Five and half hours after Jagger and Owen had carried Tyler into the ER, the boy was lying in a hospital bed, canted to one side by foam wedges to keep pressure off his back. Jagger eyed the machines arrayed around his son. They beeped and hissed and occasionally squiggled out a few inches of paper, a permanent record of his vital signs at that particular moment. One IV dripped antibiotics into a tube that snaked to a needle in his arm. Another of saline kept him hydrated. A vinyl bag hanging on the bed by Jagger’s knee caught urine from Tyler’s bladder, and somehow to Jagger that captured the enormity of what had been done: his son couldn’t even pee.

He held Tyler’s hand and tried to see past the oxygen mask to his face. Pale, except for his eyelids, which were the color of storm clouds. He could tell they had cleaned him up, but had either been sloppy about it or too careful: the rim of his ear was caked with maroon blood.

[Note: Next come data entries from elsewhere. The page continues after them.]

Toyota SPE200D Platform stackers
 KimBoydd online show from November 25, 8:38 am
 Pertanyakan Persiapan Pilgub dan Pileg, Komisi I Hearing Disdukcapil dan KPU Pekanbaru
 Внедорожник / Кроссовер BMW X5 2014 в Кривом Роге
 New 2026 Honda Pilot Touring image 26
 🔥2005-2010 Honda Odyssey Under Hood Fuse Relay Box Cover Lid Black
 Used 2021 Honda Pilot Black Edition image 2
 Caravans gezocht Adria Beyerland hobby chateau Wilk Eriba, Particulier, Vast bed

Beth sat in a chair on the opposite side of the bed, stretching to hold Tyler’s other hand. Her head was bowed in prayer, but as he watched she raised it and frowned at him. “God didn’t do this,” she said.

He closed his eyes and bit his tongue. She didn’t want to hear his opinion on that.

“Jagger?”

He hated the pain in her eyes, the redness that he couldn’t imagine ever going away.

She said, “Let this draw you closer, not push you away.”

He wanted to yell at her to shut up about that, to open her eyes to the way God really was, merciless and spiteful. Instead, he ran his hand over his face and pushed his fingers through his hair. “I need some air,” he said, turning toward the door. “And coffee. You want some coffee?”

She shook her head, and he stepped into the corridor. It was bright with fluorescents, reflecting off floors so polished they could have been liquid. Still, the place appeared as vacant as an office building on Sunday morning. To his right, at the far end of the corridor, a nurse crossed from her station and disappeared into a room. He turned the other direction and started walking. A wall of glass at the end, overlooking rectangles of undeveloped parcels and the low, white buildings of Sharm el-Sheikh to Naama Bay and the Red Sea. He spotted a door with a plaque showing a stick figure on stairs, pushed through, and descended.

At the first landing, he stopped. His lungs were keeping time with his racing heart, pumping air like a bellows in the hands of a spastic kid. Dizziness made his vision swim. He staggered and grabbed the railing, then stumbled into a corner and leaned his forehead against a pipe running from floor to ceiling. It was cold, and that’s all he thought about: the pipe and the way it cooled his skin… not about Tyler or the woman who shot him or God or anything but the pipe and its temperature.

Tyler.

The woman.

God.

Jagger groaned, and it turned into a scream. RoboHand gripped the pipe, and he leaned back. His real hand was squeezed into a tight fist, hurting from being that way for a while. He threw it into the wall, making an indent. He punched again and again until he broke through, and continued striking the edges, widening the hole, leaving bloody streaks and spots around it.

A hand seized his shoulder and spun him around. He pulled his fist back to strike the intruder. It was Owen, right in his face, glaring. He grabbed Jagger’s head, fingers curved around behind, palm over his ear, firm.

“I know,” he said, the words what you’re going through unnecessary, communicated through his gaze, and his expression said that he really did.

Jagger felt a measure of the chaotic jumble inside him flow out, as though taken by Owen, a burden shared. His fist opened, and his hand fell to Owen’s shoulder. He wanted to say something, to explain himself, but the sense that Owen already knew everything was so great that all he could do was nod.

Jagger had never believed that sympathy or even empathy helped anyone; intense emotion, agony, was unique to each person: a million starving people in the world didn’t help ease the stomach cramps of the man who hadn’t eaten in three days. But this was different. It was shared anger, grief, and pain, coupled with a solution; it was the one-legged man throwing his arm over the shoulder of another one-legged man because together they could both walk.

Owen pushed a box into his arms. “I guessed size eleven.”

Jagger lifted the lid to see new cross trainers and a package of socks. He nodded. “Thanks.”

“There’s a kahwa up the street.” Owen smiled at Jagger’s puzzlement. “A cafe. We have to talk.”

Jagger returned to Tyler’s room first, and Beth assured him there was nothing for him to do there at the moment, and she’d be fine if he grabbed coffee with Owen.

“Go get out of your head for a while,” she said. “It’ll do you good.”